Transportation Planning Impacts Sleep
October 7, 2025
There are many important parts of the intersection between public health and planning but one I haven’t seen discussed much is sleep. People have all kinds of different sleeping patterns but society generally caters to the early birds over the night owls. I’m not bitter.
Scientists in Japan now have found a way sleep is impacted by housing and transportation choices.

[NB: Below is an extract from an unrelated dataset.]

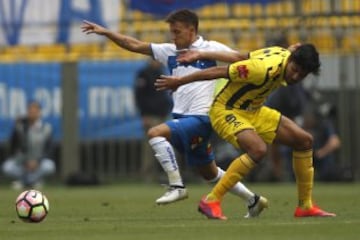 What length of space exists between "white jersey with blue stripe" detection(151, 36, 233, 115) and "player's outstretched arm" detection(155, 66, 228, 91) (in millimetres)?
1516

Researchers found that length of commutes and housing size can determine whether people have insomnia, which can lead to a whole host of other health problems. But the smaller housing sizes can be somewhat offset with reduced commute times in the Tokyo study area.
I find this interesting for a couple of reasons if it were also loosely applied to the US context. First of which is that we continue to build our housing and transportation systems here so that people are able to afford a bigger, likely quieter, home on the periphery. But the benefits of that are often offset by transportation costs and distances. More time spent in a vehicle commuting can be seen as unhealthy for many reasons including induced stress, but it also seems to offset the sleep benefits of the potentially quieter house.
The second reason this is interesting, especially when thinking in the context of Architectural Epidemiology and green building design which we just discussed on the podcast, is that we just really don’t think hard enough about health in the context of the early decisions that we make in transportation and housing. When we want to address the problems many times it’s too late and we have to resort to the biomedical model of curing ailments.
We know now about all these impacts to people but they are really just tossed to the side to be figure out by someone else. But when we do begin to address them, we get huge results! Look at Santiago Chile, and the 30 year program for cleaning up air quality from particulates. Less respiratory viruses. The health care system isn’t overwhelmed in winter.
But back to the sleep discussion. Many nights when my daughter doesn’t want to go to sleep I tell her that it’s really important. When she asks “why?” as she inevitably does, I always answer that it’s the time when our bodies repair themselves. This repair time ultimately benefits our overall health so perhaps we’d benefit if our planning systems aided existing evolutionary systems honed over hundreds of thousands of years.